Activity :: In the entries that follow, the lines from the line containing "EDDIE BAUER Womens" up to and including the line containing "Rockport, Massachusetts Hafen" must be copied exactly, with pictures omitted.
=== Section Start ===
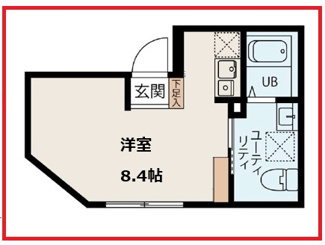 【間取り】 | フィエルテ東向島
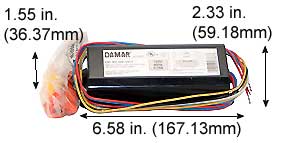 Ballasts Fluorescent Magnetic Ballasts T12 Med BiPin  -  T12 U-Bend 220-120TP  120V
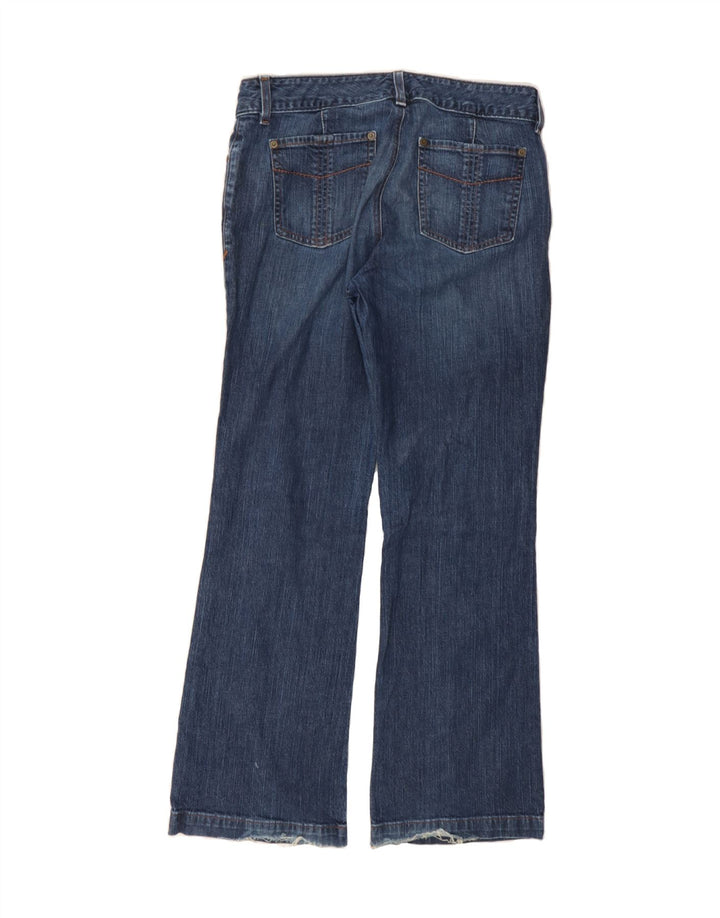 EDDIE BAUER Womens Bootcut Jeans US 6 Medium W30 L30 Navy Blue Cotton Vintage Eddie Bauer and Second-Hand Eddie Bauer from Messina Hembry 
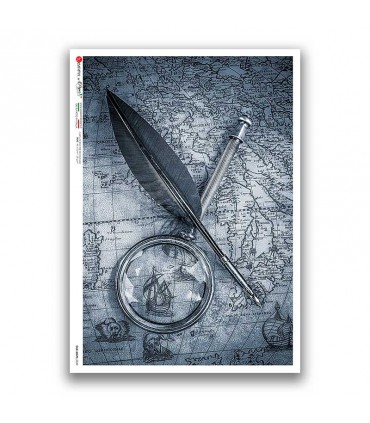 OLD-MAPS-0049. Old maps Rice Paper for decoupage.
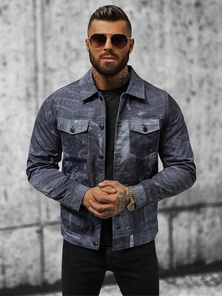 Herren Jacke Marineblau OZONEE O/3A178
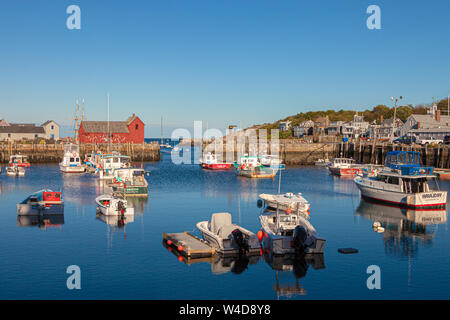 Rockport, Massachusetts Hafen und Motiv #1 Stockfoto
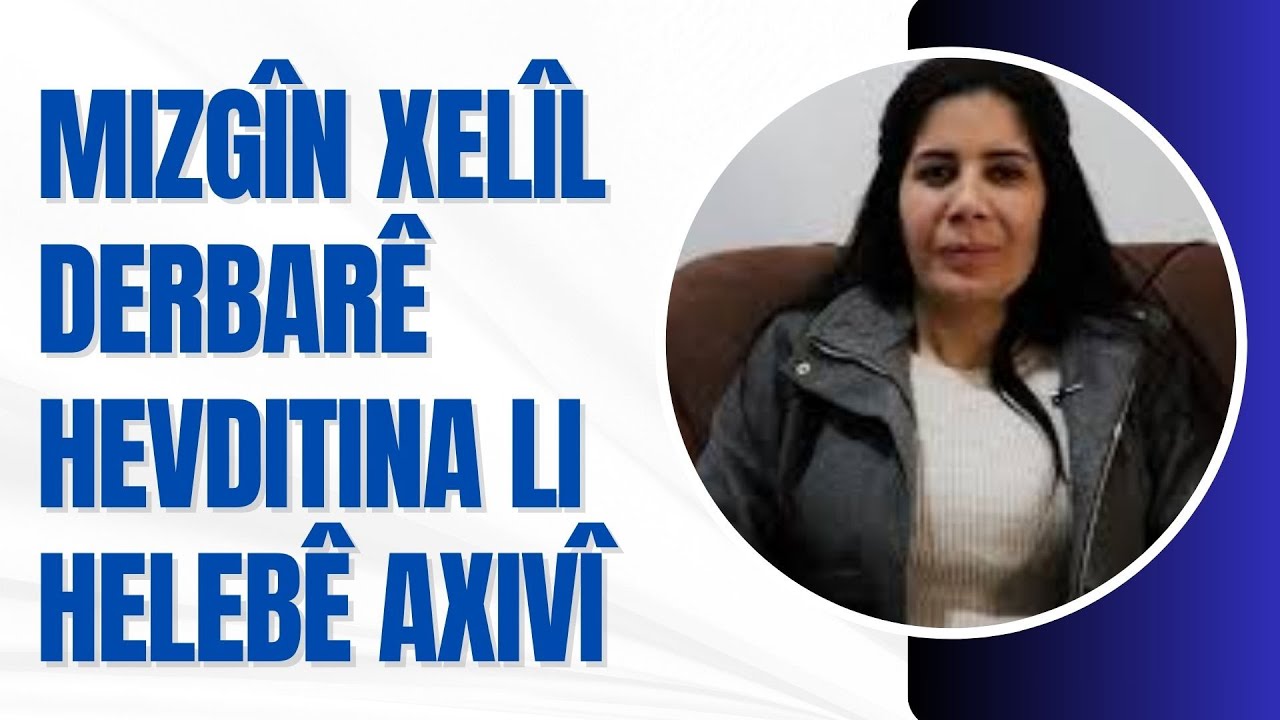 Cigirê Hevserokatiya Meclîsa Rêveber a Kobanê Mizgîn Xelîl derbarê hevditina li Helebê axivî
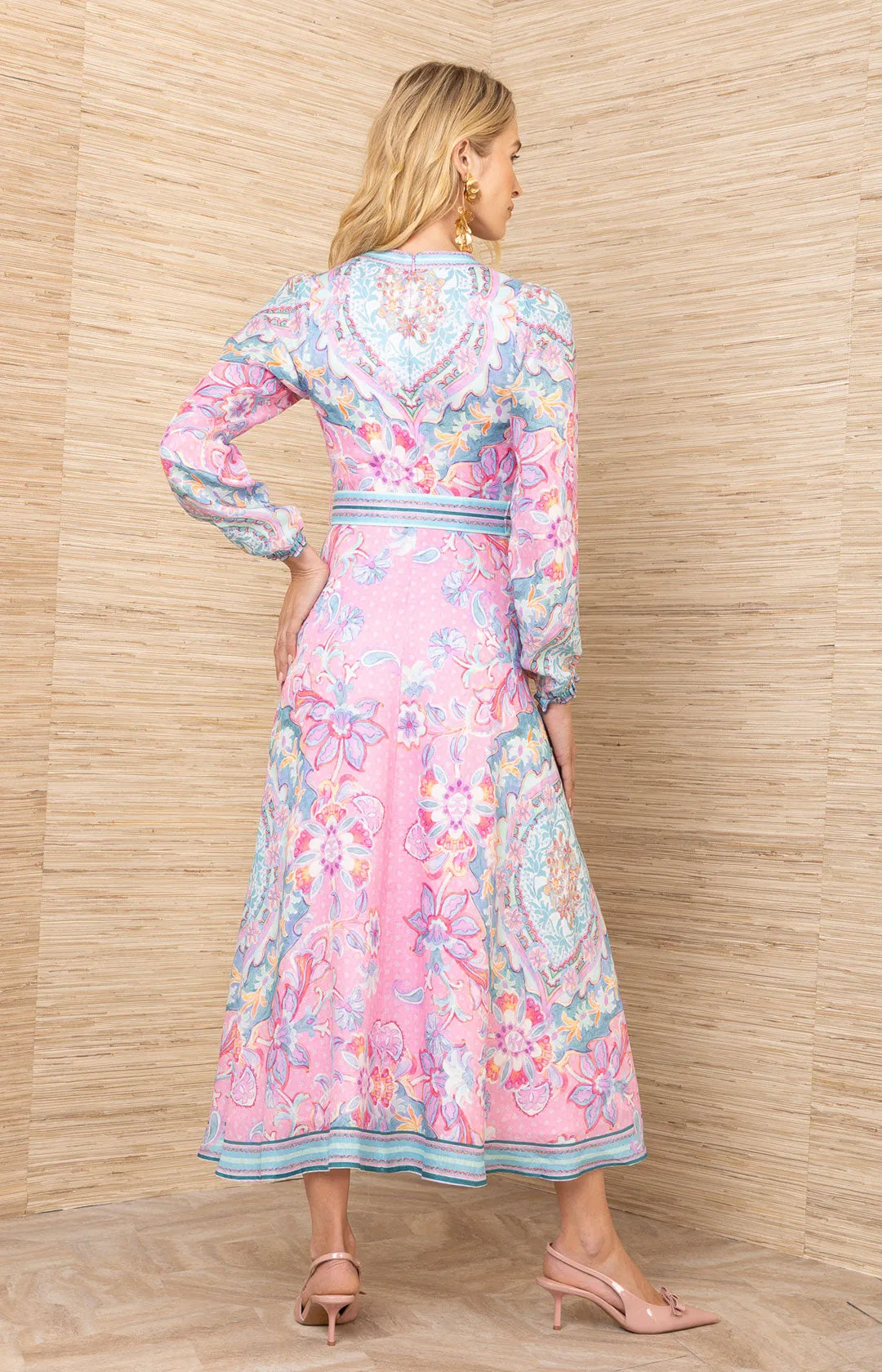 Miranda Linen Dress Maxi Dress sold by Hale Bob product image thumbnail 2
=== Section End ===
Result of this task ::
 EDDIE BAUER Womens Bootcut Jeans US 6 Medium W30 L30 Navy Blue Cotton Vintage Eddie Bauer and Second-Hand Eddie Bauer from Messina Hembry 
 OLD-MAPS-0049. Old maps Rice Paper for decoupage.
 Herren Jacke Marineblau OZONEE O/3A178
 Rockport, Massachusetts Hafen und Motiv #1 Stockfoto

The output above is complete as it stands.